## What you have to do
In the entries that follow, the lines from the one with "A kitchen with" through the one with "dining room featuring" are the ones to write out, exactly and with both ends included. Nothing else should appear.

## Exercise materials
···

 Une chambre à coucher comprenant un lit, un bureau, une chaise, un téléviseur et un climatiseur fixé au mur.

···

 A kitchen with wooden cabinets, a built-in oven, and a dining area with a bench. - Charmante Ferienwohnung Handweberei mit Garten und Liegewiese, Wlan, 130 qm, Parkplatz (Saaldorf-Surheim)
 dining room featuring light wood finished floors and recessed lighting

···

## Answer space
 A kitchen with wooden cabinets, a built-in oven, and a dining area with a bench. - Charmante Ferienwohnung Handweberei mit Garten und Liegewiese, Wlan, 130 qm, Parkplatz (Saaldorf-Surheim)
 dining room featuring light wood finished floors and recessed lighting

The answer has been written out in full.